**GIVEN DATA:**
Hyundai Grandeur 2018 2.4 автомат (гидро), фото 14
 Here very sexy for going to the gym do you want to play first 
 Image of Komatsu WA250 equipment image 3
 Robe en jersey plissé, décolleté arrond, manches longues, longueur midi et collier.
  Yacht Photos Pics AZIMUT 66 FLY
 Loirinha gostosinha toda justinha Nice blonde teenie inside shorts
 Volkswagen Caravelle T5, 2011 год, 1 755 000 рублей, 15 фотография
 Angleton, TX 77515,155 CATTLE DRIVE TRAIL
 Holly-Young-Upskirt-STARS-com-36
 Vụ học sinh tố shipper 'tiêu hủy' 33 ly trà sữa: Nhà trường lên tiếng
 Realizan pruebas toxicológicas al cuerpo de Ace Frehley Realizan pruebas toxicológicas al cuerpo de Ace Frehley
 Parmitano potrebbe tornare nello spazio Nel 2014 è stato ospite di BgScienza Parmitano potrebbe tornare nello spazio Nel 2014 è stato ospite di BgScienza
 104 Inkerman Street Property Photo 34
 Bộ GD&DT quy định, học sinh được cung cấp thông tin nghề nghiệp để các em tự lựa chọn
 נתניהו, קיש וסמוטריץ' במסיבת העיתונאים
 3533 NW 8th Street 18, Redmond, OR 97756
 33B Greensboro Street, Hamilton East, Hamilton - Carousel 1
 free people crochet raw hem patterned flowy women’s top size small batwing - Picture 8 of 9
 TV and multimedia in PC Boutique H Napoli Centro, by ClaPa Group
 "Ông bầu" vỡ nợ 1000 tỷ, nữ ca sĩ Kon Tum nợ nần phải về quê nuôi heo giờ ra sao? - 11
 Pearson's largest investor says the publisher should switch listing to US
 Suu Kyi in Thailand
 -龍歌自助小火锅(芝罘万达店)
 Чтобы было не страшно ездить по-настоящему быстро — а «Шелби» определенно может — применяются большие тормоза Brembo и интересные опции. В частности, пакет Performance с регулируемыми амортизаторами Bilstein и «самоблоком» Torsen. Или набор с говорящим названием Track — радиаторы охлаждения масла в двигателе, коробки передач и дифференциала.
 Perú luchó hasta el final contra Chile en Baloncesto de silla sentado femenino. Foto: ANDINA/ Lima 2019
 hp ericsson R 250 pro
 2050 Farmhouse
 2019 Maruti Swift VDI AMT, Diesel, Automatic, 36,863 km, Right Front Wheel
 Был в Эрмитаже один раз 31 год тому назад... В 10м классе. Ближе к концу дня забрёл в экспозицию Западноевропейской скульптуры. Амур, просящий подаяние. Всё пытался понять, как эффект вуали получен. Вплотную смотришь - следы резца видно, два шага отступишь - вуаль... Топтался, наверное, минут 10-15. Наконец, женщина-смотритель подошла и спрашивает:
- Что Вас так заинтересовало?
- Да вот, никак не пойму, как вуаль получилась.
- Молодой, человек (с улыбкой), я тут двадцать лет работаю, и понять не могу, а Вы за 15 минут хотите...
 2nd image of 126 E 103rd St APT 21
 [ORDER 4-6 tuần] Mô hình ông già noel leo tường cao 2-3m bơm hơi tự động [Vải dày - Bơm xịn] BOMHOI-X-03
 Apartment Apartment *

**WHAT YOU HAVE TO DO:**
For the material above, reproduce exactly the lines from the line with "104 Inkerman Street Property Photo 34" to the line with "Чтобы было не", inclusive, and exclude all others.

**OUTPUT FOR THIS EXERCISE:**
 104 Inkerman Street Property Photo 34
 Bộ GD&DT quy định, học sinh được cung cấp thông tin nghề nghiệp để các em tự lựa chọn
 נתניהו, קיש וסמוטריץ' במסיבת העיתונאים
 3533 NW 8th Street 18, Redmond, OR 97756
 33B Greensboro Street, Hamilton East, Hamilton - Carousel 1
 free people crochet raw hem patterned flowy women’s top size small batwing - Picture 8 of 9
 TV and multimedia in PC Boutique H Napoli Centro, by ClaPa Group
 "Ông bầu" vỡ nợ 1000 tỷ, nữ ca sĩ Kon Tum nợ nần phải về quê nuôi heo giờ ra sao? - 11
 Pearson's largest investor says the publisher should switch listing to US
 Suu Kyi in Thailand
 -龍歌自助小火锅(芝罘万达店)
 Чтобы было не страшно ездить по-настоящему быстро — а «Шелби» определенно может — применяются большие тормоза Brembo и интересные опции. В частности, пакет Performance с регулируемыми амортизаторами Bilstein и «самоблоком» Torsen. Или набор с говорящим названием Track — радиаторы охлаждения масла в двигателе, коробки передач и дифференциала.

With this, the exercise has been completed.